Wednesday, June 29, 2011

Book Review: Speaker for the Dead by Orson Scott Card

Title: Speaker for the Dead
Author: Orson Scott Card
Publisher: Tor Books, August 15, 1994
(first published in 1986)
Pages: Paperback, 382
Series: Ender’s Saga #2
Buy it on Amazon.com

From Goodreads: Three thousand planet-bound years have fled since Ender Wiggin won humanity’s war with the Buggers by totally destroying them. Ender remains young-travelling the stars at relativistic speeds, a hundred years or more might pass while he experiences a month-long voyage. In three thousand years, his books The Hive Queen and The Hegemon have become holy writ, and the name of Ender anathema; he is the Xenocide, the one who killed an entire race of thinking, feeling beings, the only other sapient race humankind had found in all the galaxy. The only ones, that is, until the planet called Lusitania was discovered and colonized.

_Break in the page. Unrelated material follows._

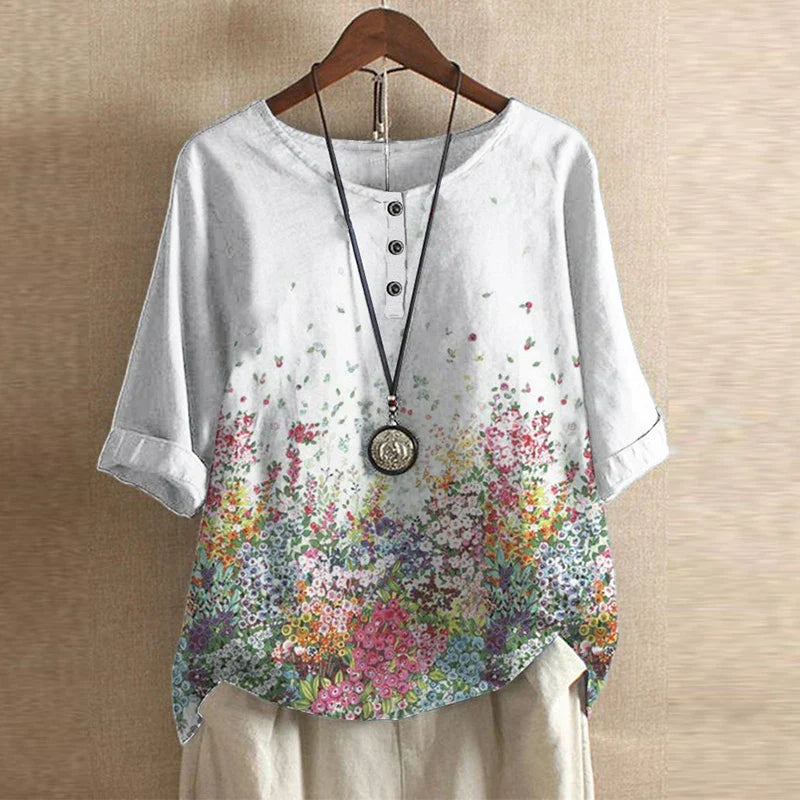 Retro-Inspireret Bluse Til Kvinder - Tidløs Elegance Med Blomsterdesign, Afslappet Pasform, Ideel Til Hverdagslook 6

On Lusitania humans found another race of ramen … a young race, beings just beginning to lift their eyes to the stars and wonder what might be out there. The discovery was seen as a gift to humanity, a chance to redeem the destruction of the Buggers. And so the Pequininos, as they were named by the Portuguese-speaking settlers, the “Piggies,” were placed off-limits to the colony. The only humans allowed to meet them and speak with them are trained xenobiologists, and then only two at a time. This time, there will be no tragic misunderstandings leading to war. This time…

This time, again, men die-bizarrely killed by the Piggies. Andrew Wiggin is called to Lusitania to Speak the deaths of the two xenobiologists, and walks into a maelstrom of fear and hatred. To Speak for these dead, he must first unravel the web of secrets surrounding the lives of the Piggies and those who study them. He must Speak not only for the dead, but for a living alien race.

My Rating: (5/5)

Orson Scott Card’s Speaker for the Dead is quite a different story from Ender’s Game, but it’s a great one. The setting is new, the characters are mostly all new and Ender is 3,000 years older (sort of). Unlike the first book, my favorite parts of this book have almost nothing to do with Ender. Rather, I’m all about the aliens in this one.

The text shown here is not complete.